Lever du jour, des nuages sombres s’écartent laissant passer la lumière, les fantassins par milliers, debout dans leur forêt de lances, attendent silencieusement l’ennemi sur l’immensité glacée du lac Peïpous. Les cordes de Prokofiev, sur des sons tenus graves, donnent des coups d’archets menaçants. Les soldats en armure, minuscules humains sur l’étendue de glace et de ciel, scrutent l’horizon vide tandis qu’on entend dans le lointain un murmure s’approchant : le chœur des chevaliers teutoniques. L’homme qui était en apnée à mes côtés, sa tête affaissée sur le buste, émet brusquement un reniflement sonore et redresse son torse. Quelques secondes. Puis il recommence à dodeliner, se redresser, dodeliner, s’affaisser, je m’accroche à Prokofiev, ce thème de trois notes descendant vers la destinée, la glace le ciel, les lances oscillant, le prince Alexandre à vingt ans, soudain une pétarade à mes côtés, démarrant sur une brutale aspiration nasale, poursuivie d’une cascade irrégulière d’air, de lèvres molles roulées, d’inspirations saccadées, de fond de gorge bouche ouverte, entre apnée, expiration sifflante et jeux de résonateurs buccaux.
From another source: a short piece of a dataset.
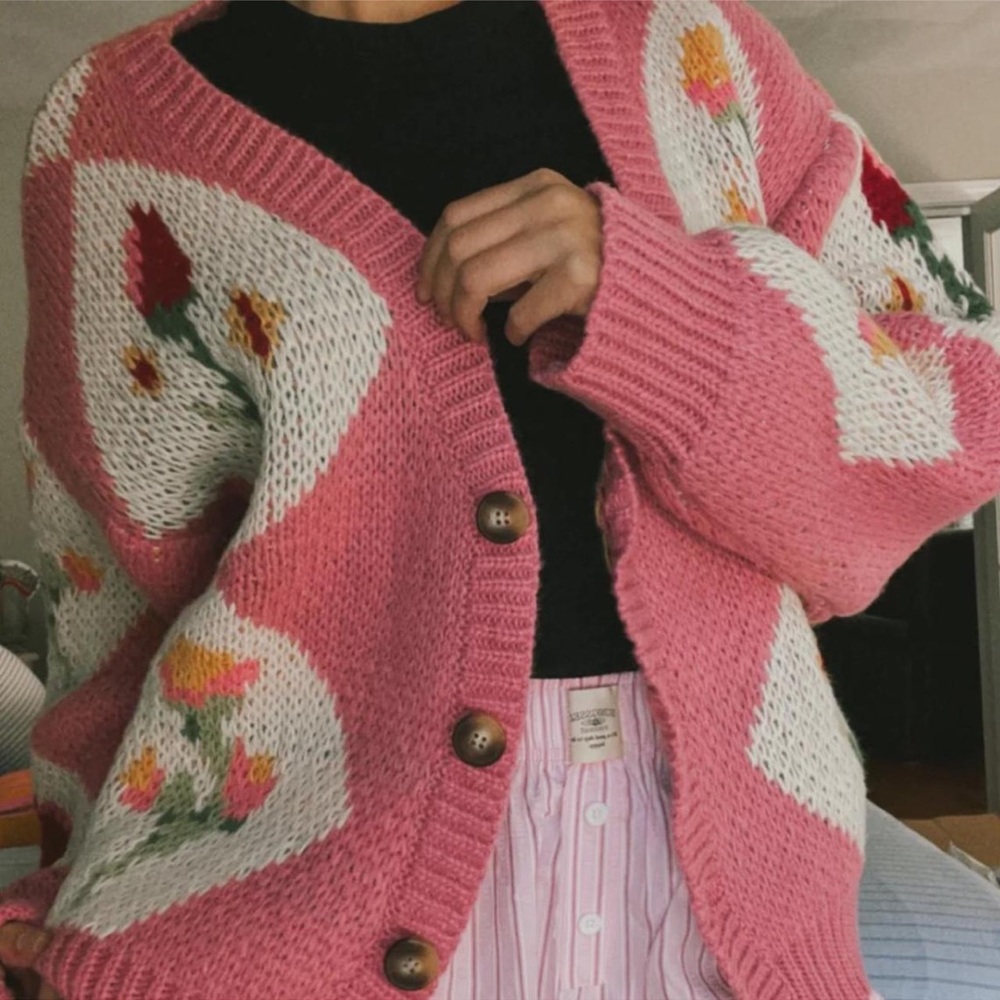 Fleur Diamond Grandma Pink Floral Knit Cardigan Sweater NWOT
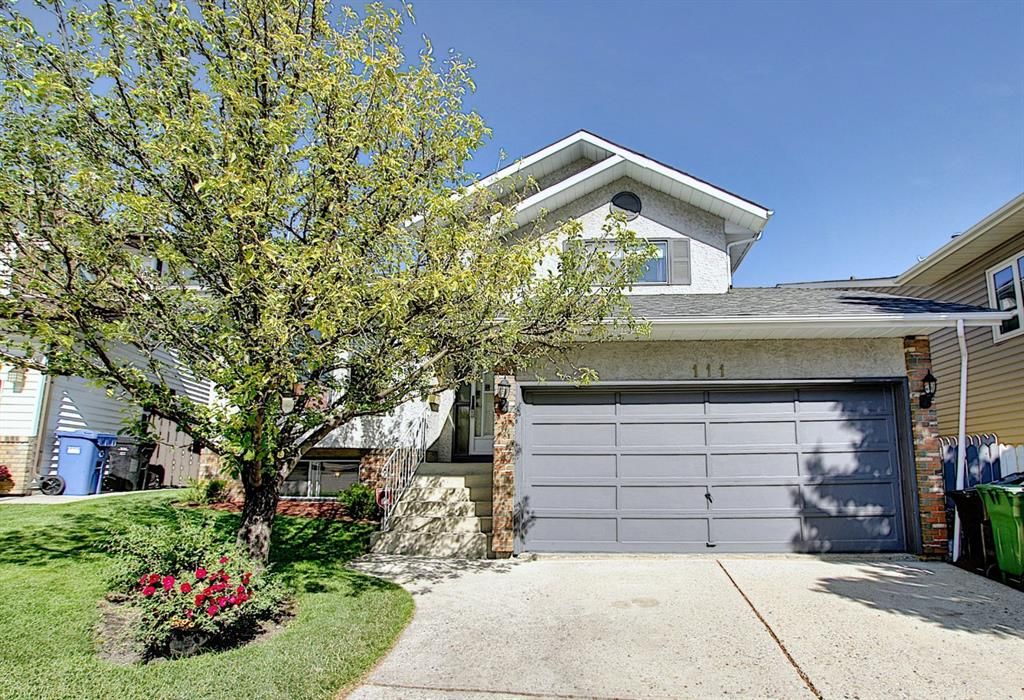 Main Photo: 111 HAWKHILL Court NW in Calgary: Hawkwood Detached for sale : MLS®# A1022397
Je ne vois pas son visage de dormeur, je n’ai pas envie de le voir, je ne connais pas cet individu qui m’avait déjà fait ce sketch du dormeur au film Carmen de Francesco Rossi.
Nous voici au concert d’Indochine, vue sur la mer depuis le haut des gradins, devant nous sur la pelouse une mer humaine de danseurs debout, joyeux, heureux, forêt de bras nus s’agitant en l’air au rythme de la grosse caisse, hurlant Moi je veux vivre, Vivre, Vivre,Un peu plus fort, et voilà que brusquement l’homme à mes côtés dodeline, s’affaisse, se met en apnée, à quoi rêve-t-il, déchaînement des percussions et de la basse, décibels occupant la nuit jusqu’aux étoiles, début de l’été, râle en reprenant son air, du moins je le vois, car là je ne l’entends pas. Je voudrais bien descendre danser, mais l’homme qui dort peut brusquement tomber de sa chaise en forme de coque, sans accoudoirs, et j’ai encore ce qu’il faut d’humanité pour renoncer à danser, bien que oui, je chante très fort et plus fort que tous Moi je veux vivre, Vivre, Vivre,Un peu plus fort, et là, il se réveille, regarde la scène embrumée de rouge de bleu et de fumée, me regarde, se redresse, croise ses bras, et lutte, car il sent peut-être le vent tourner.
… merci pour ces images de dormeurs de concert! c’est drôle et remuant…ces endormissements qu’on attend pas.. là et dont on fait quelque chose… la preuve très beau texte!
Incroyable ces dormeurs ! La place qu’ils prennent alors qu’ils s’absentent dans le sommeil. Plein d’humour.
Merci
Merci Françoise pour ce résumé extrêmement bien formulé! Je garde!